Equally striking is the observed shift in the arrival direction of the interstellar grains during the 2005/06 interval. While the 1993/94 and 1999/00 data showed a flow direction that matches the well‑known interstellar helium wind (ecliptic longitude ≈ 255°, latitude ≈ 5°), the 2005/06 impacts arrived from a direction displaced by roughly 30° toward higher ecliptic latitudes (β ≈ 35°). This deviation cannot be explained by simple solar‑wind drag and suggests that the complex magnetic topology present at solar maximum—characterized by a highly warped heliospheric current sheet and stronger, more turbulent IMF—altered the trajectories of charged dust particles. The authors propose that variations in the grain charge state, combined with the altered magnetic field geometry, produced a systematic northward deflection.
The measured fluxes and directional statistics were also compared with the interplanetary dust flux model of Staubach et al. (1997). That model, which incorporates grain size distributions, radiation‑pressure effects, and IMF‑induced focusing, was originally calibrated on the first five years of Ulysses data. Remarkably, the 2005–2007 observations fit the model predictions within statistical uncertainties, confirming the robustness of the model across an entire solar cycle and validating its underlying physical assumptions.

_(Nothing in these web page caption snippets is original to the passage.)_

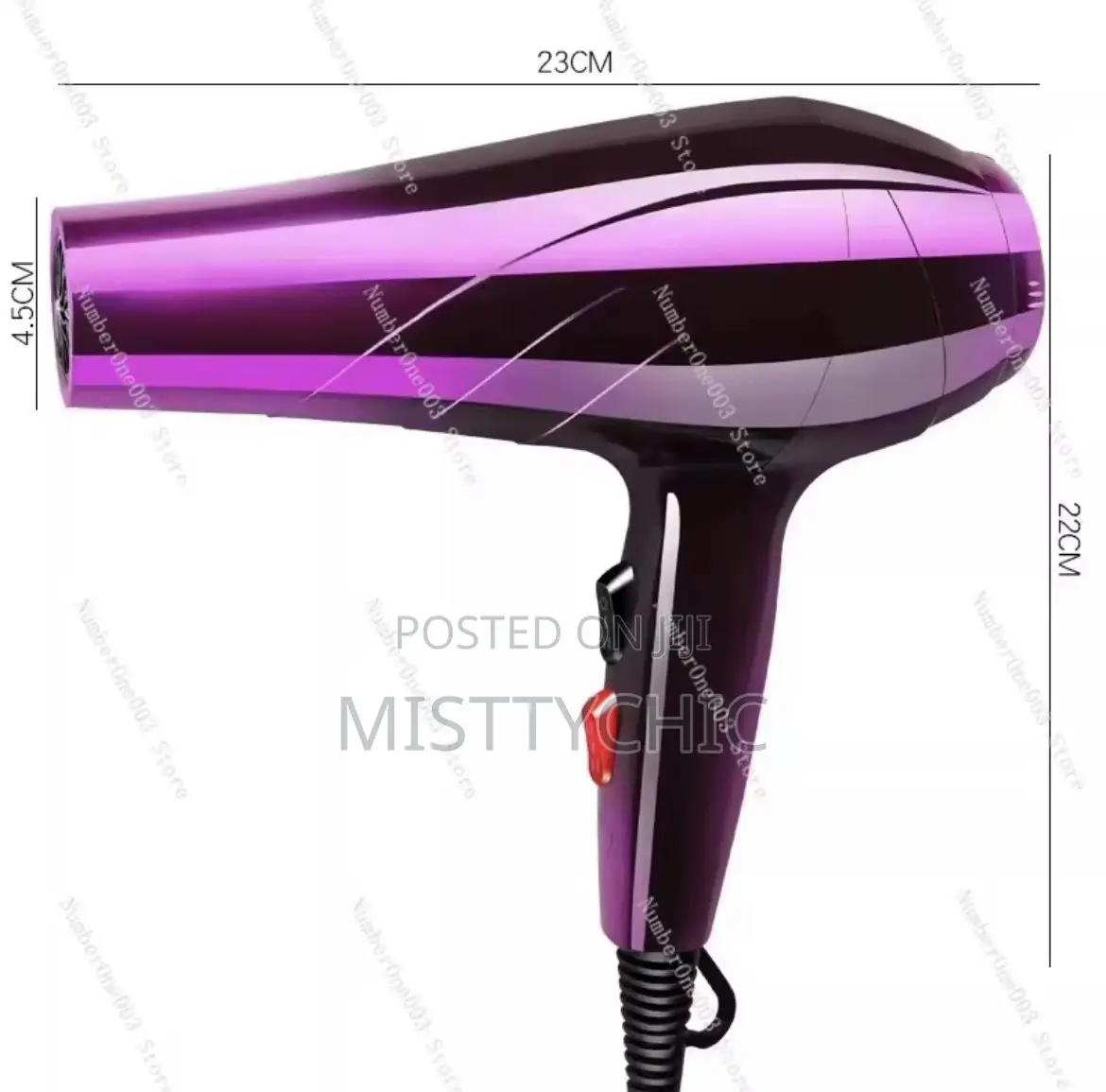 Professional Hair Dryer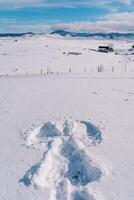 silueta de un nieve ángel en un soleado Nevado llanura en un montaña Valle foto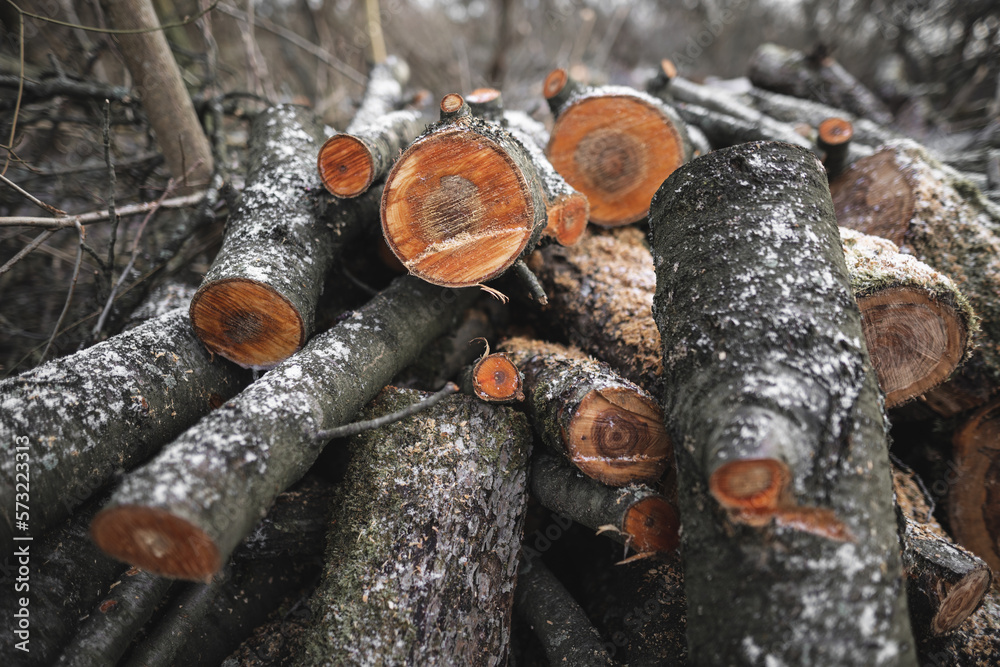 many cut trees in the forest for firewood many cut trees in the forest for firewood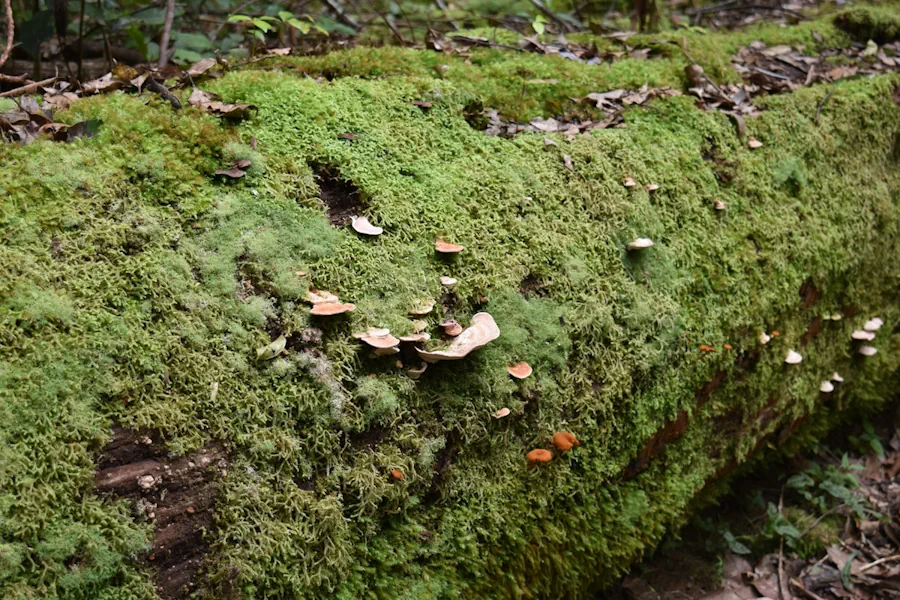 Biologisk mångfald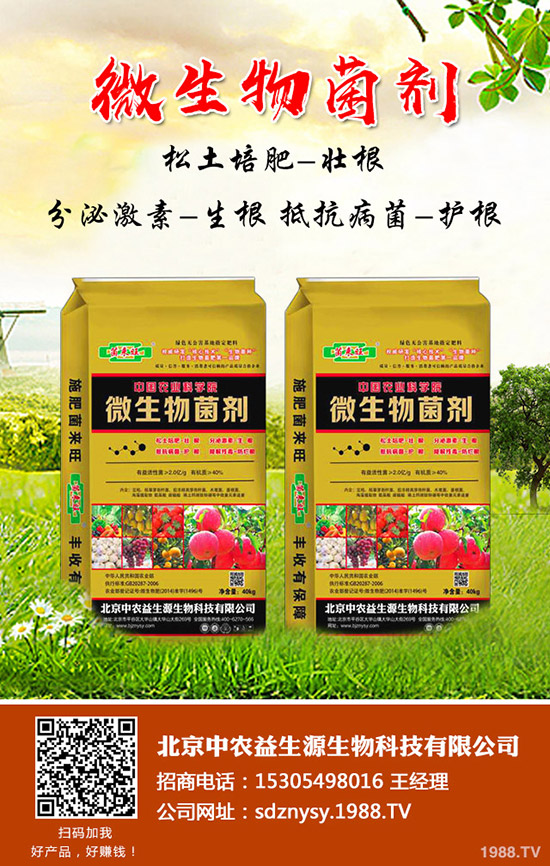 蘋果樹哪個時期比較需水!如何澆水?蘋果園的灌水方式!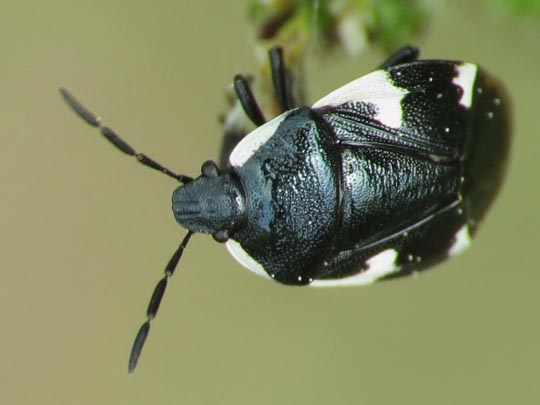 Gefleckte Schwarznesselwanze, Tritomegas sexmaculatus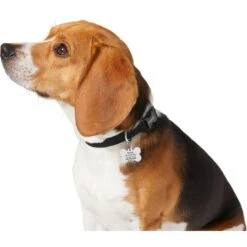 Frisco Chewy Stainless Steel Personalized Dog ID Tag With Enamel Infill -Ultimate Pet Shop 281945 PT6. AC SS1800 V1624334875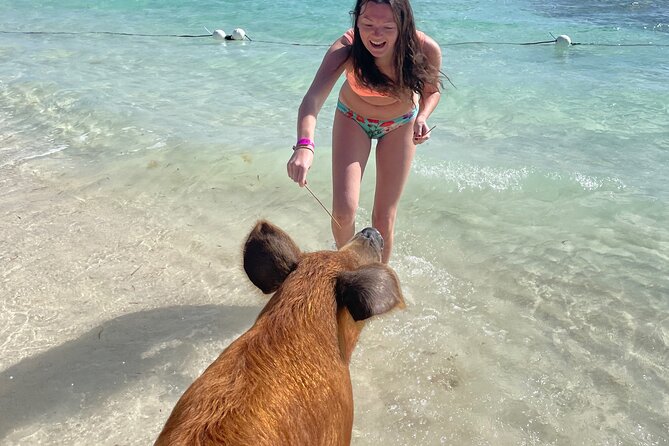Swim with the Pigs Freeport @Creative Eco Adventures - The $71.50 price and what you receive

In summary, the final Ulysses dust data set provides compelling evidence that the interstellar dust inflow into the inner heliosphere is not static but is strongly modulated by the solar magnetic environment. The increase in impact rate during solar maximum, together with the unexpected 30° shift in arrival direction, points to a dynamic coupling between charged nanometer‑ to sub‑micrometer‑sized grains and the evolving heliospheric magnetic field. While the Staubach et al. model successfully reproduces the overall flux, it does not capture the directional anomaly, indicating that future models must incorporate time‑dependent magnetic field configurations and realistic grain charging processes. Continued analysis of archival Ulysses data, combined with forthcoming measurements from missions such as Parker Solar Probe and Solar Orbiter, will be essential for building a comprehensive picture of dust–solar‑wind interactions throughout the solar cycle.